> [Your instructions] In the copy, include every entry exactly but none of the pictures.

_ _ _ _

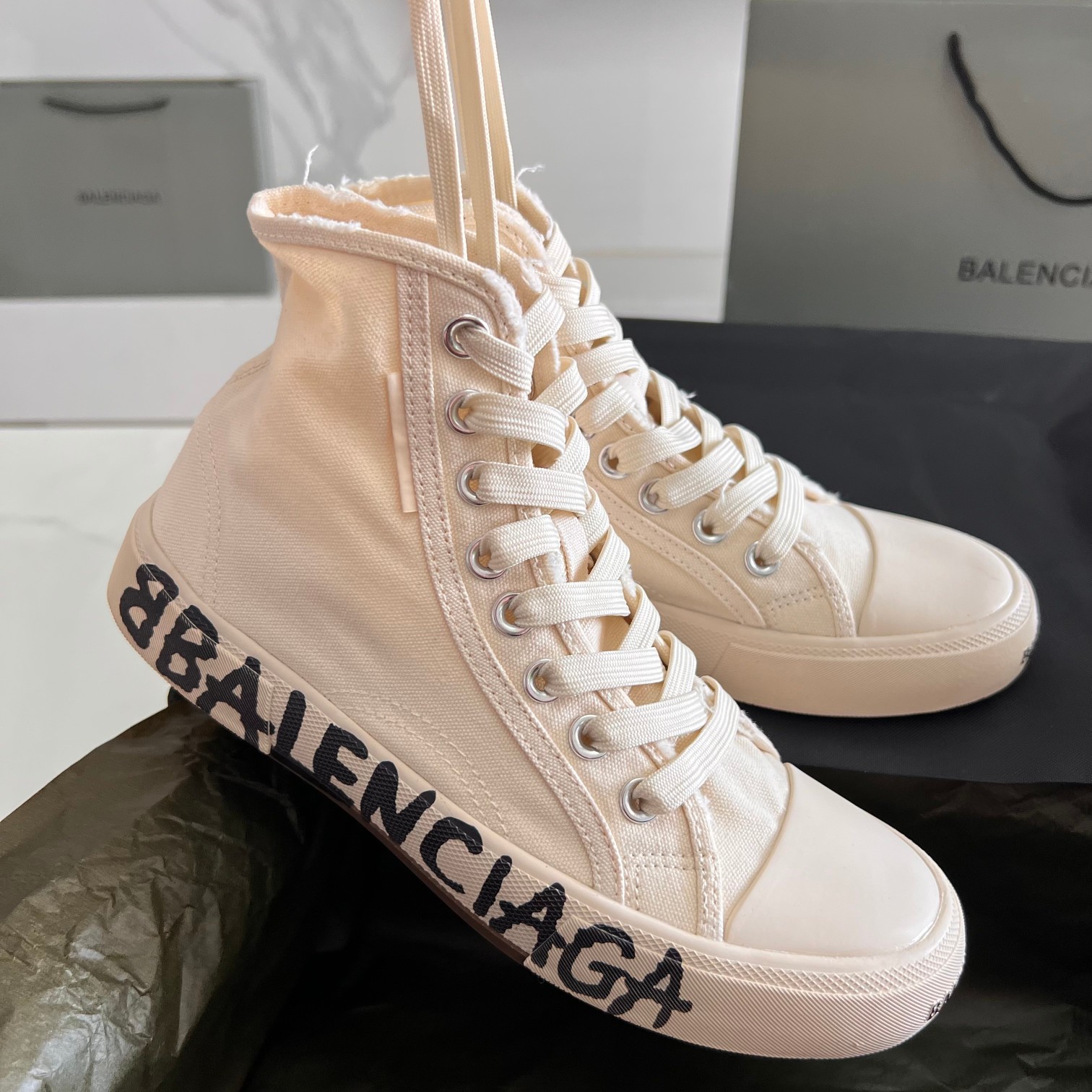 Balenciaga Basic Shoes L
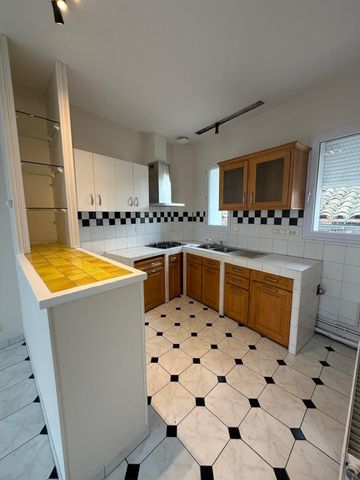 Location Appartement 3 pièces 61m² MONTAUBAN 82000 - Photo 3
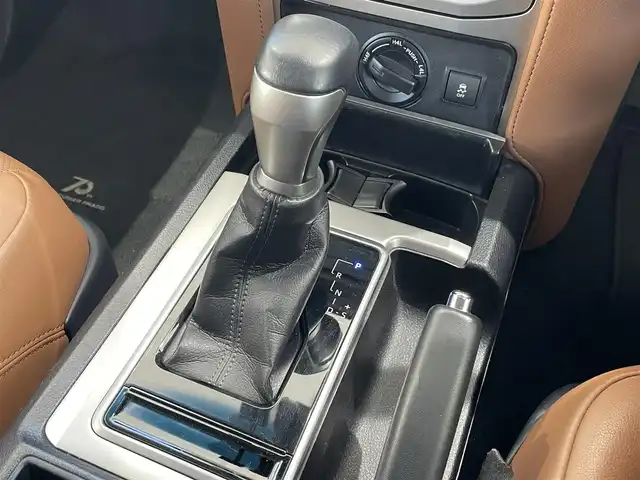 トヨタ ランドクルーザー プラド TX-L 70thアニバーサリーLTD 岡山県 2022(令4)年 7.5万km ホワイトパールクリスタルシャイン 登録時走行距離74855km/サンルーフ/ToyotaSeaftySense/・プリクラッシュセーフティ/・オートマティックハイビーム/・アダプティブクルーズコントロール/純正SDナビ/(AM/FM/BT/TV/DISC)/バックカメラ/ビルトインETC/ドライブレコーダー/D+N席パワーシート/D+N席シートヒーター/D+N席エアシート/4WD/MTモード付AT/プッシュスタート/スマートキー/スペアキー/純正18インチアルミホイール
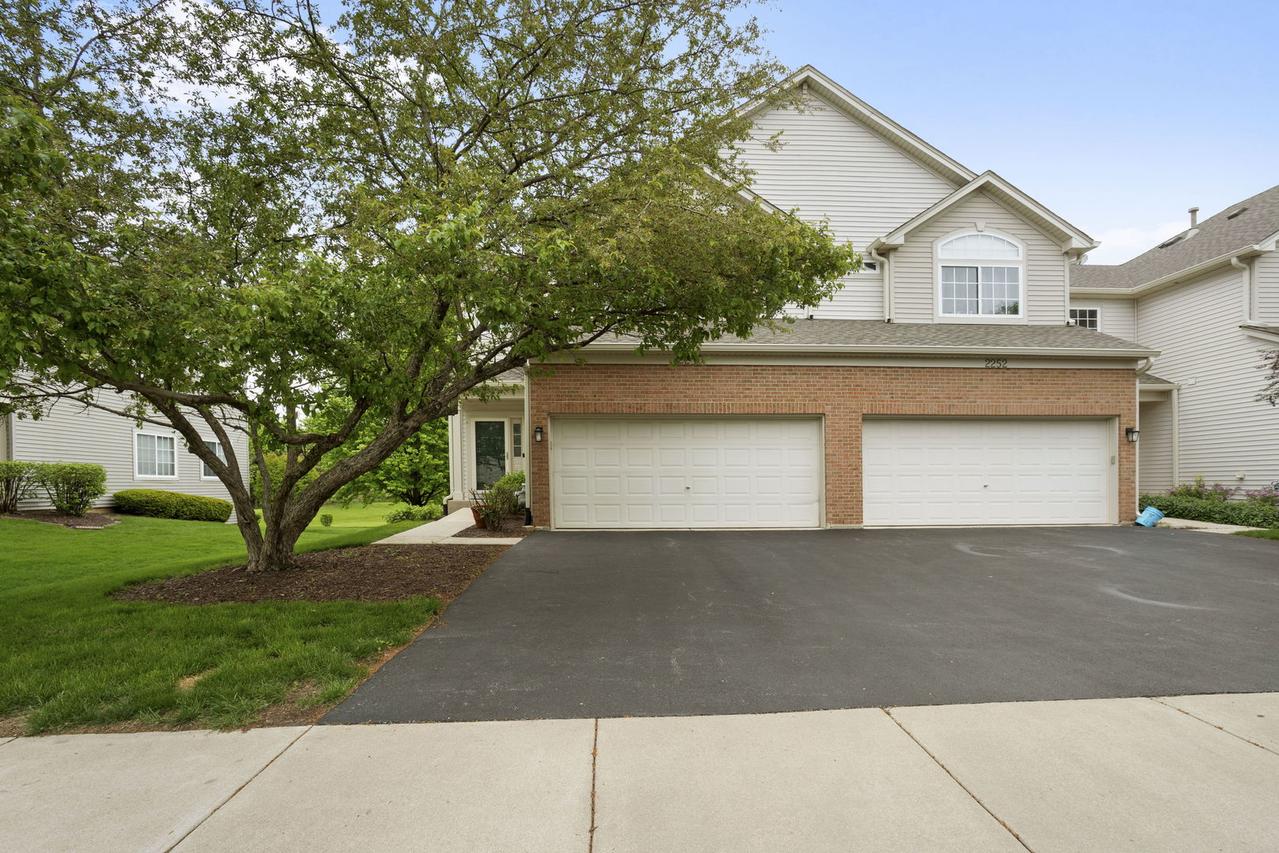 2250 Stoughton Dr., Aurora, IL 60502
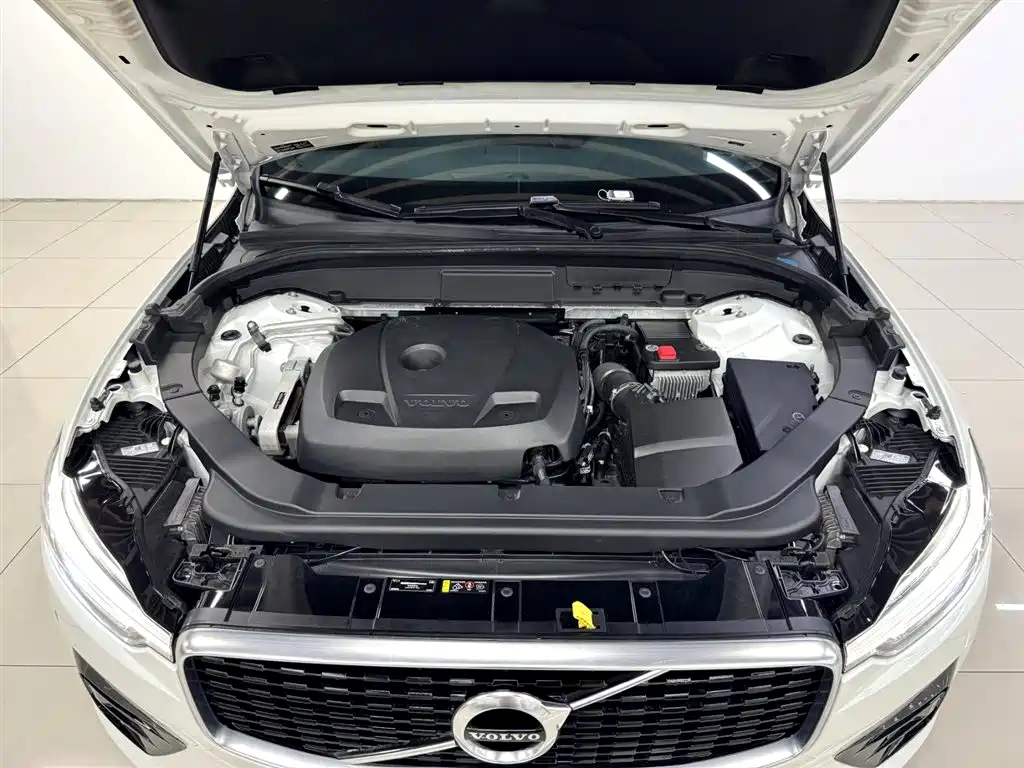 Volvo XC60 2020 — фото 23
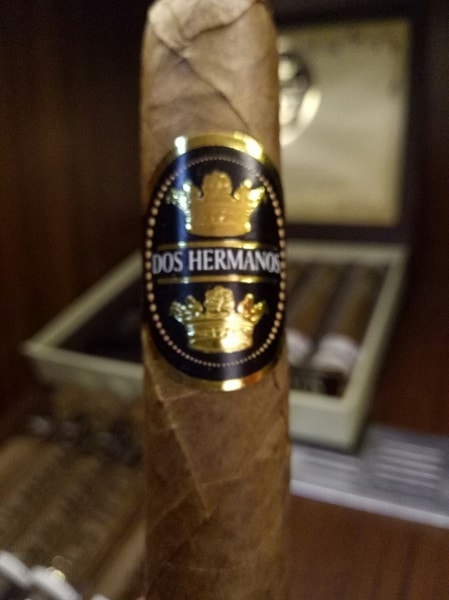 Dos Hermanos Royal Robusto
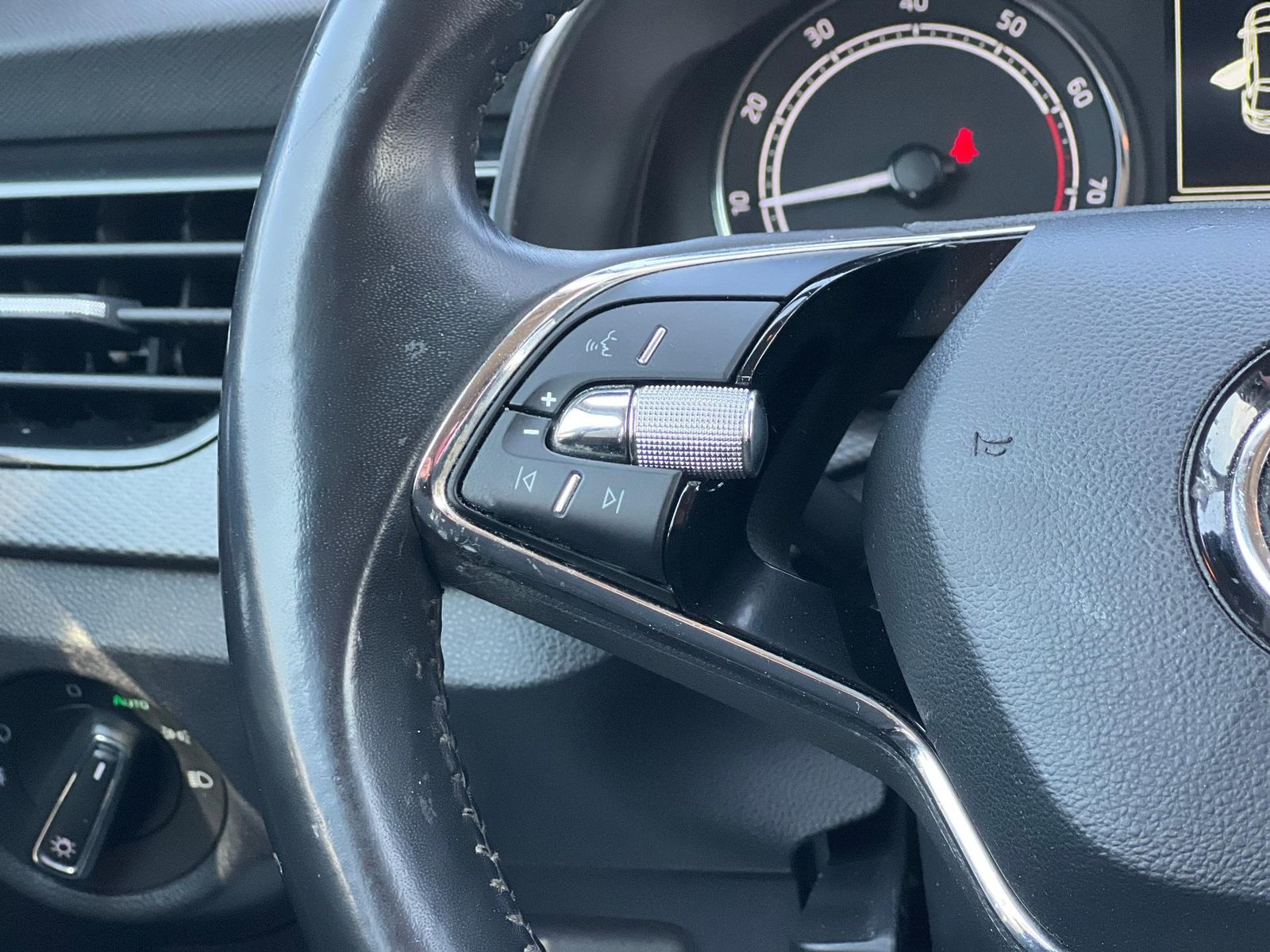 Skoda Scala - 1.0 Ambition - 2021 - DSG - 110 CP - foto 14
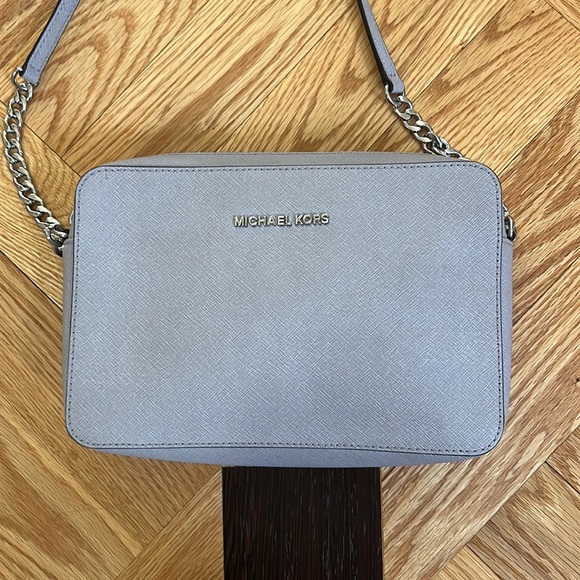 Michael Kors Crossbody Pearl Grey - Picture 2 of 4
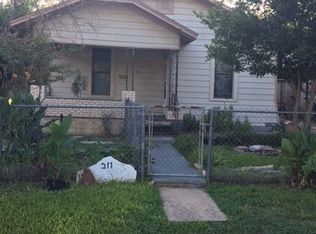 211 N Cedar Ave, Luling, TX 78648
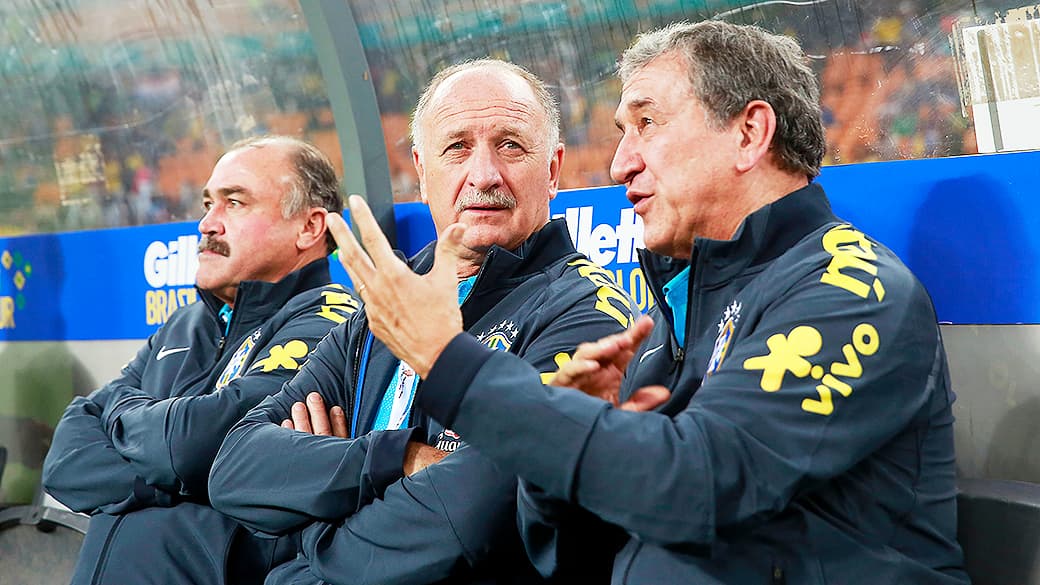 Felipão conversa com Parreira na vitória do Brasil sobre a África do Sul, em amistoso realizado no Estádio Soccer City, em Johannesburgo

_ _ _ _

> [Completed exercise]
 Balenciaga Basic Shoes L
 Location Appartement 3 pièces 61m² MONTAUBAN 82000 - Photo 3
 トヨタ ランドクルーザー プラド TX-L 70thアニバーサリーLTD 岡山県 2022(令4)年 7.5万km ホワイトパールクリスタルシャイン 登録時走行距離74855km/サンルーフ/ToyotaSeaftySense/・プリクラッシュセーフティ/・オートマティックハイビーム/・アダプティブクルーズコントロール/純正SDナビ/(AM/FM/BT/TV/DISC)/バックカメラ/ビルトインETC/ドライブレコーダー/D+N席パワーシート/D+N席シートヒーター/D+N席エアシート/4WD/MTモード付AT/プッシュスタート/スマートキー/スペアキー/純正18インチアルミホイール
 2250 Stoughton Dr., Aurora, IL 60502
 Volvo XC60 2020 — фото 23
 Dos Hermanos Royal Robusto
 Skoda Scala - 1.0 Ambition - 2021 - DSG - 110 CP - foto 14
 Michael Kors Crossbody Pearl Grey - Picture 2 of 4
 211 N Cedar Ave, Luling, TX 78648
 Felipão conversa com Parreira na vitória do Brasil sobre a África do Sul, em amistoso realizado no Estádio Soccer City, em Johannesburgo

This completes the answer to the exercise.